How to (not) develop big applications...

time to read 3 min | 433 words

Check this out. This is a short explanation on how Microsoft manages to produce Windows.

After reading this;

  • four to six months to get the dependencies that you need for a feature?!
  • the same length of time until other people get to use your code and you hear some feedback?!
  • 64 people who has a say in the freaking Off menu?!
  • a year to develop a menu with seven options?!

I literally can't grasp how they manages to do anything done. This puts Big Bang integration to shame, it is a Continious Big Bang, but six months too late. Some of the immediate implications is that until very late into the product, there is no authorotive source for Windows. No wonder they had to do a recylce two years ago, they were trying to do that and build WinFX on top of the (moving) .net 2.0 / 3.0. Exactly how many pieces do they think that they can juggle at one time?

And why on earth are there 64 people with a say on single feature? A feature should have at most two owners, the business-side owner and the tech owner (usually the tech lead / developer), everyone else is a dependency either you on them or they on you. They don't get to make decisions. At one time when I was in the army I had 9 people who were my direct commands, and at one point i literally had 28 ocnflicting orders. I went home and let them deal with it (a very good way to deal with annoying people, by the way).

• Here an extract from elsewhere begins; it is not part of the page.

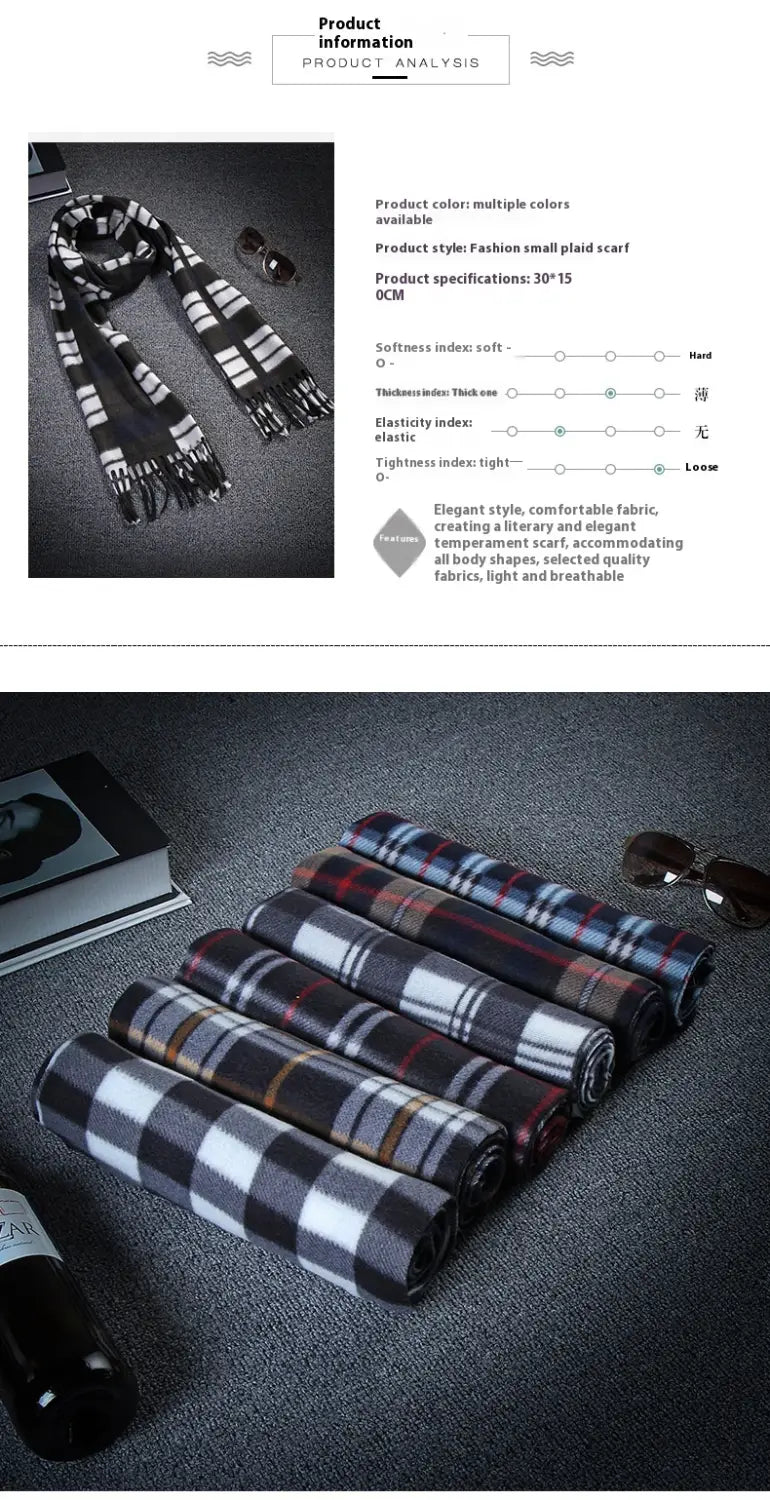 Autumn And Winter Black And White Plaid Plus-sized Thickening Thermal Men’s And Women’s Scarf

There are few (if any) software projects on the level of Windows, but I don't think that it is possible to develop software in this manner. There are all too many people in the way for it to work. Also, this information made Microsoft a lot less attractive place to work with. I don't like being in a no-code/all-meeting days, and there are very few things that annoys me more then people telling me things that they already did.

No wonder that they are bleeding the good people out. They are going to find places they can actually work for.